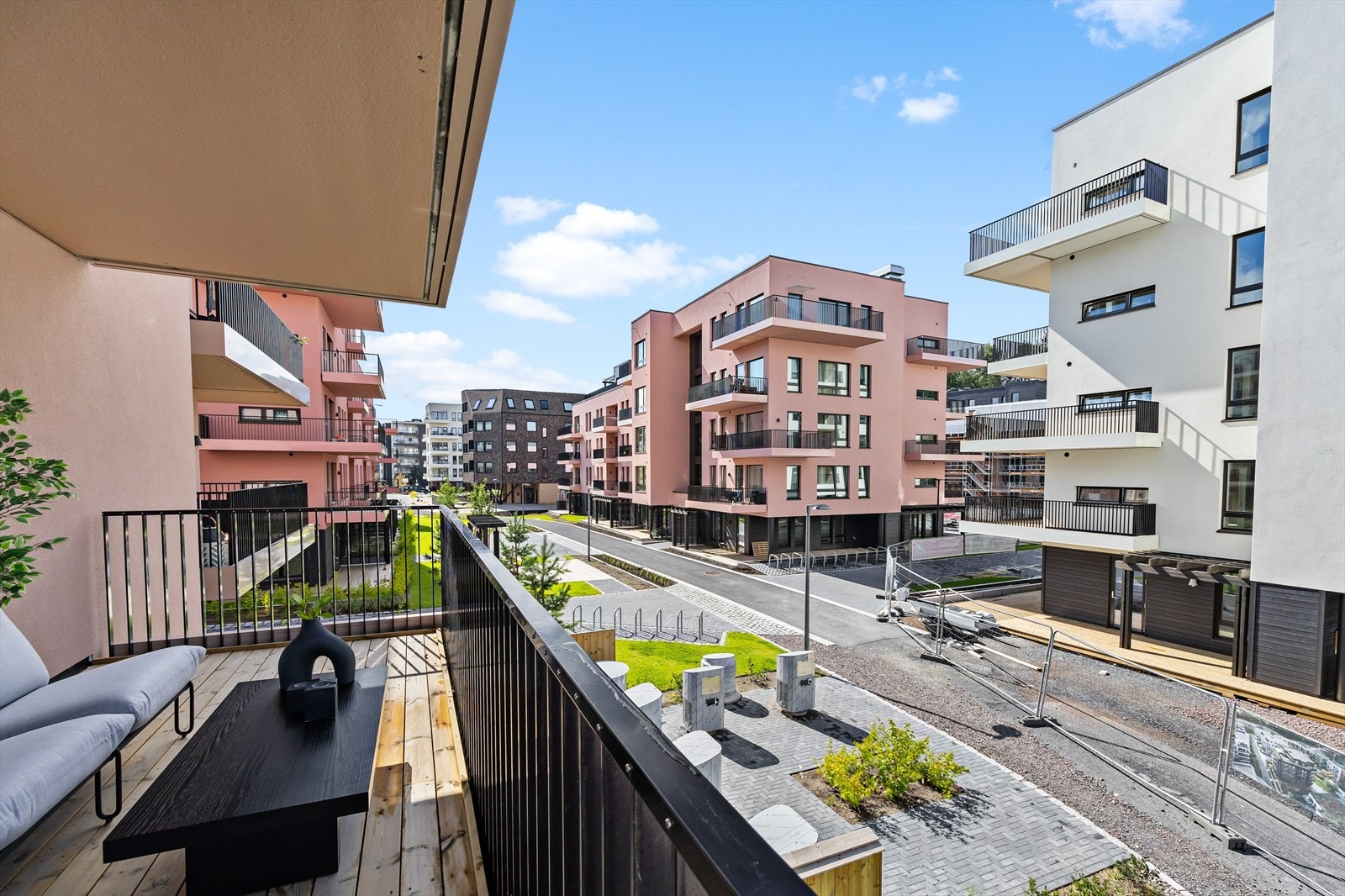 Fra balkongen er det utsyn over fellesarealene. Galleribilde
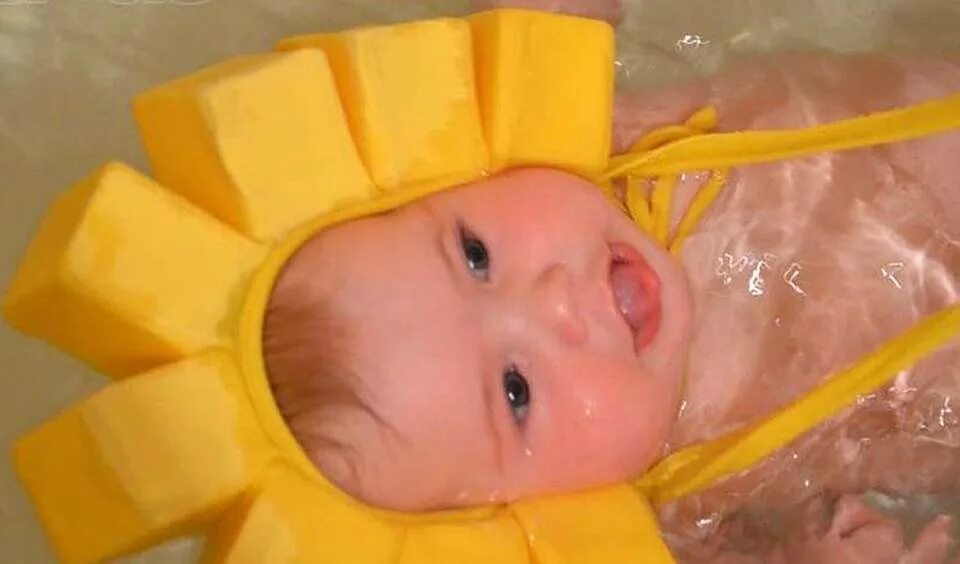 Чепчик для купания новорожденных. Шапка для купания лягушка. Приспособления для плавания грудничков в ванной. Шапочка для купания грудничка. Шапочки для плавания младенцев.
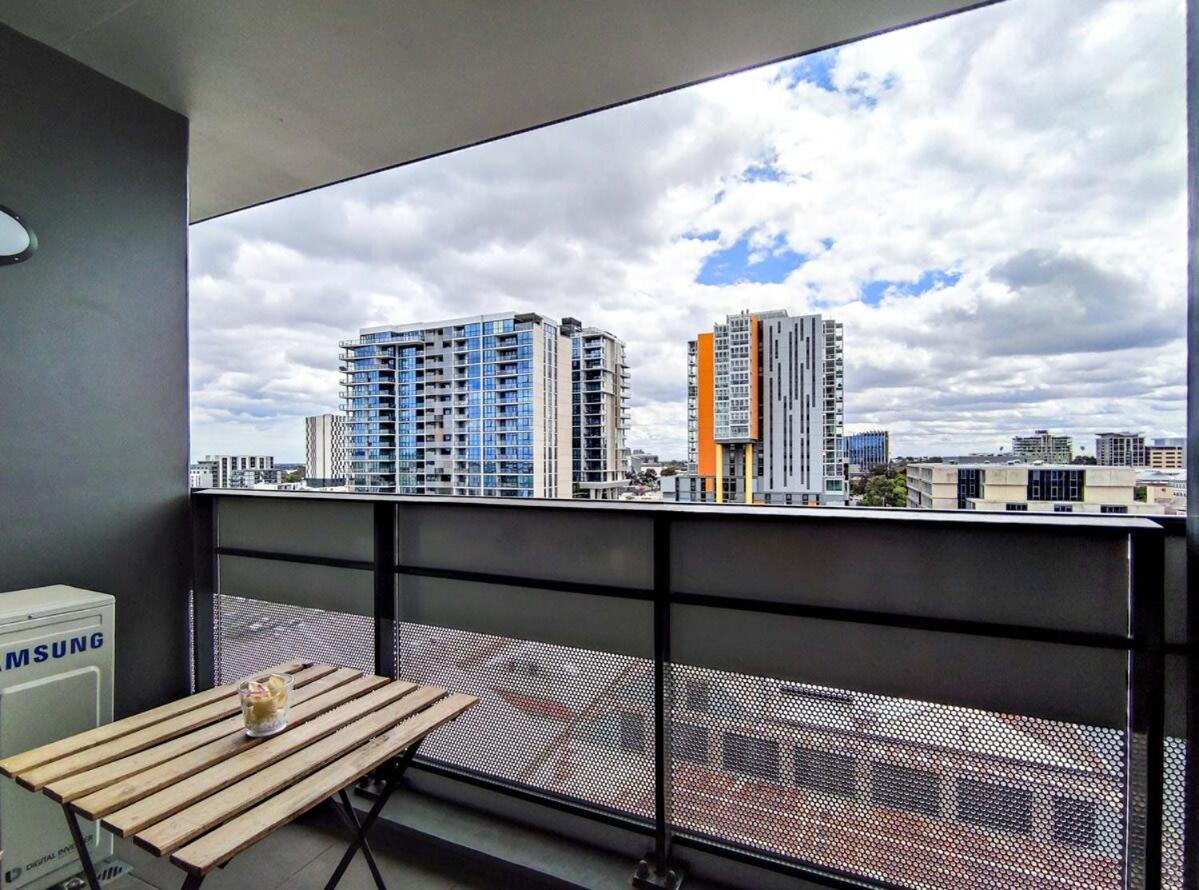 Walk To Central Market Parking Gym&Pool City View Apartment Adelaide Exterior photo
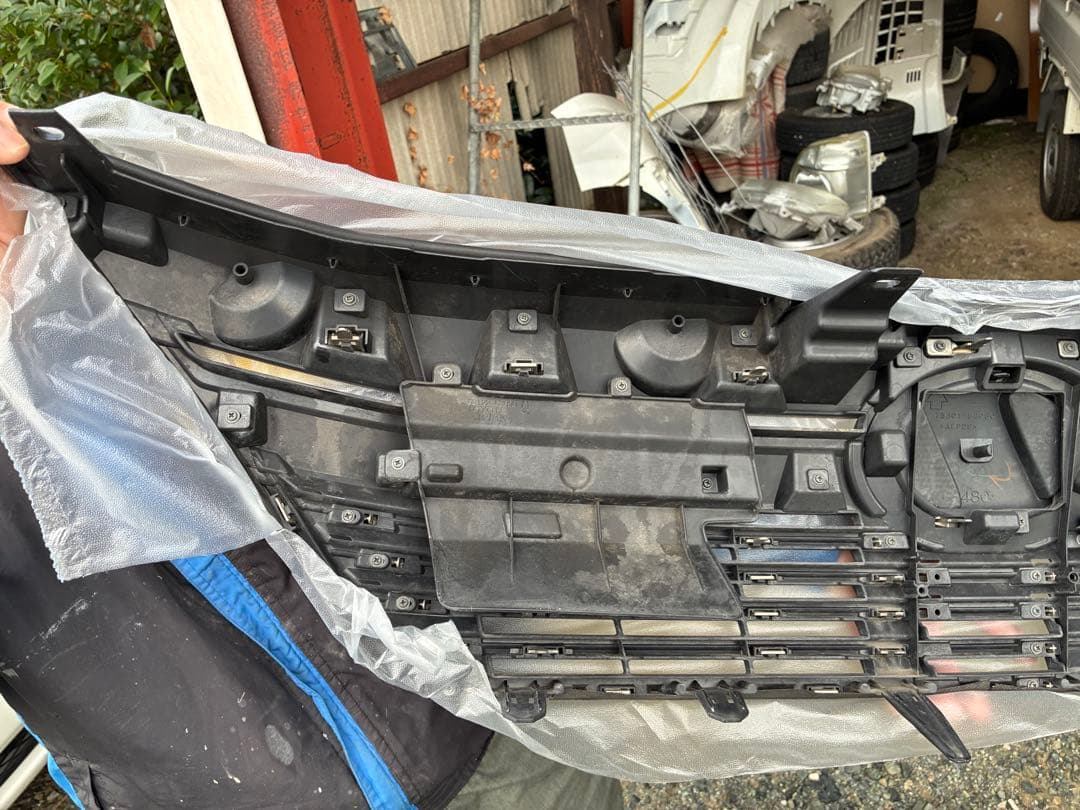 トヨタ ヴェルファイア　20後期　フロントグリル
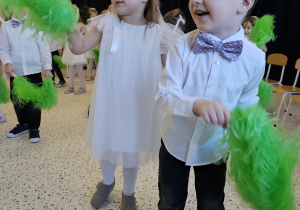 „Dla Dziadka i Babci prześlę dziś buziaczki, słodkie czekoladki…” - grupa X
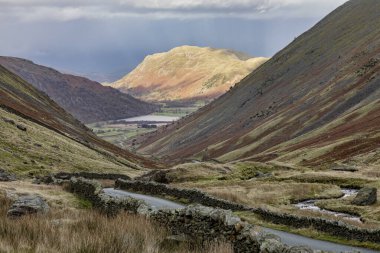 Kirkstone Geçidi Bölgesi kuzeye, Brotherswater 'a bakıyor. Gowbarrow da güneş ışığına düştü.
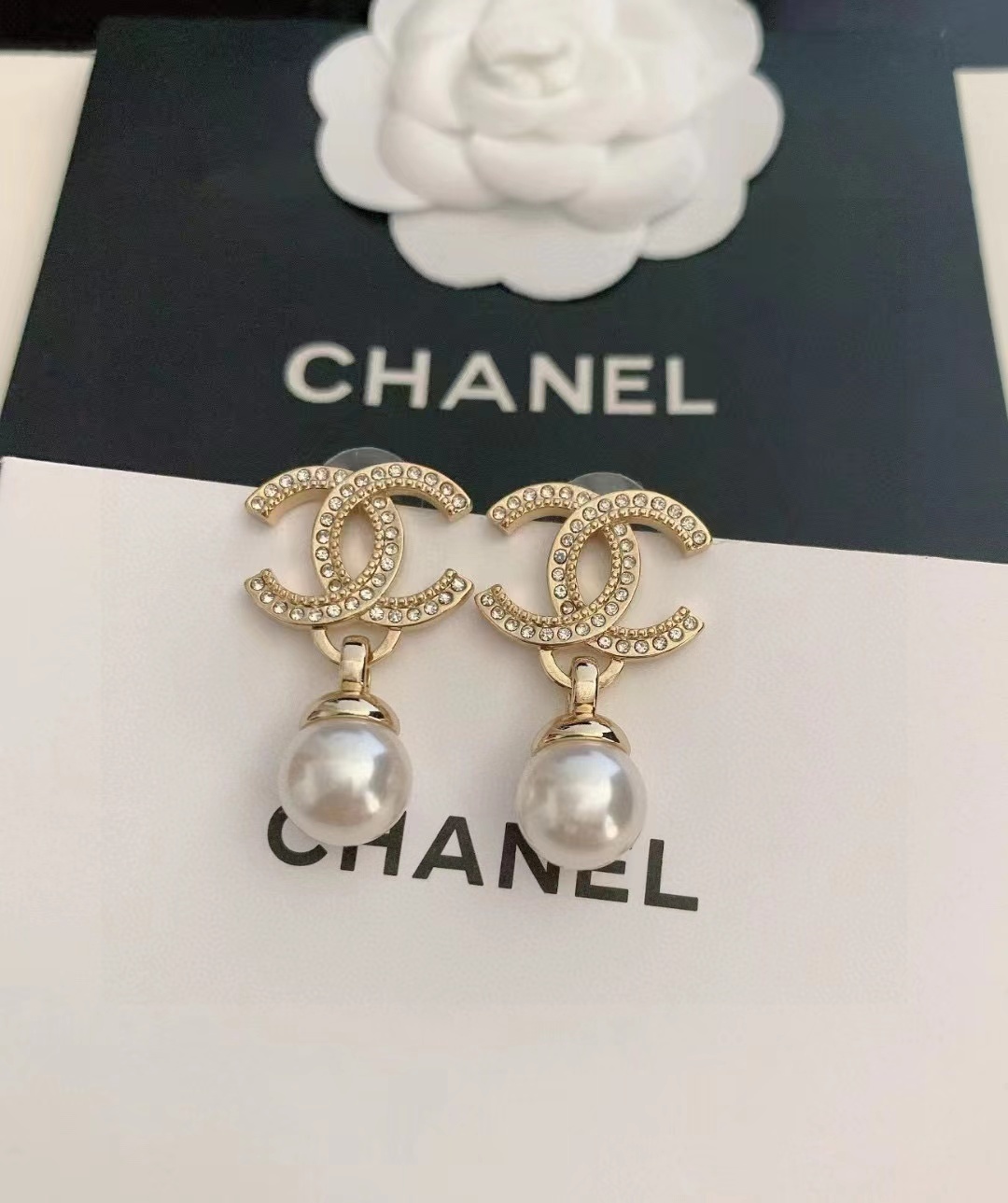 CHANEL シャネル ピアス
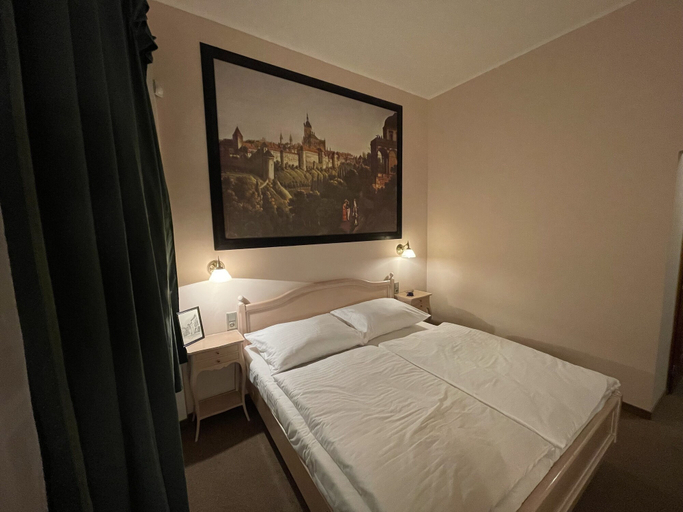 Bedroom 2, U Cervene Zidle, Praha 1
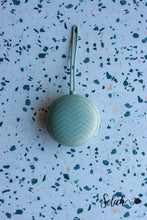 Load image into Gallery viewer, Round Silicone Notion Pouches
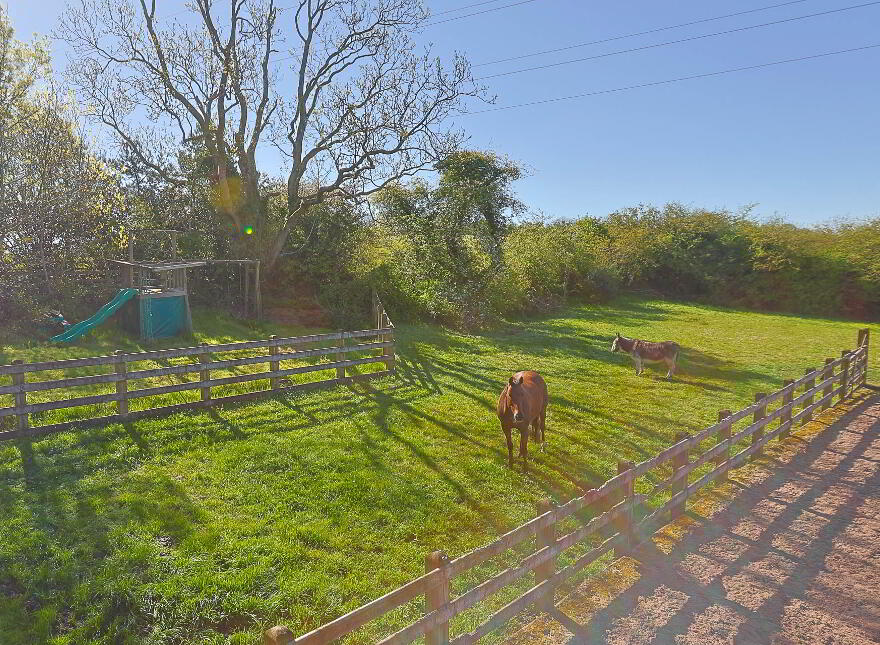 27 Glen Road, Dromore, BT25 1JX
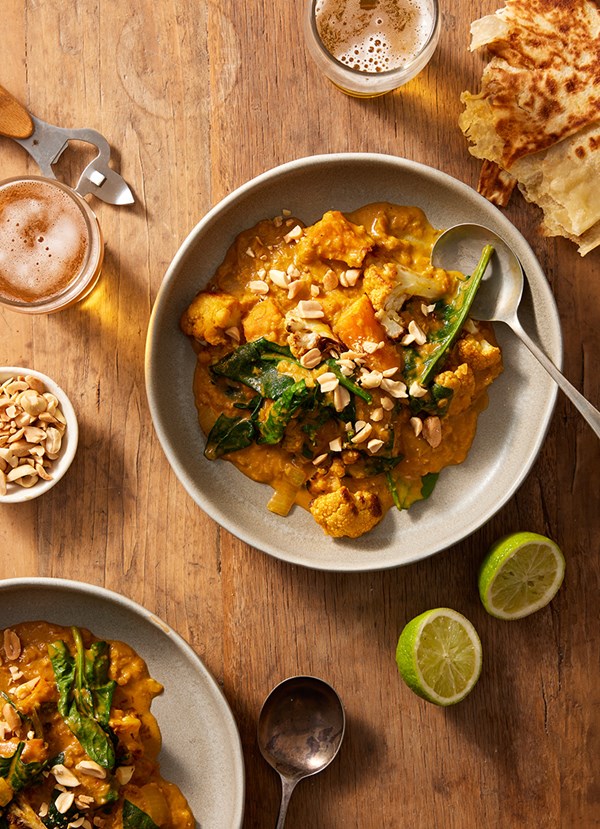 Yellow kūmara, cauliflower and lentil soup curry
────
Output exactly, and only, the lines running from the line containing "Bedroom 2, U Cervene Zidle, Praha 1" to the last line of the entries above, omitting the pictures.

* Solution for this problem *
 Bedroom 2, U Cervene Zidle, Praha 1
 Load image into Gallery viewer, Round Silicone Notion Pouches
 27 Glen Road, Dromore, BT25 1JX
 Yellow kūmara, cauliflower and lentil soup curry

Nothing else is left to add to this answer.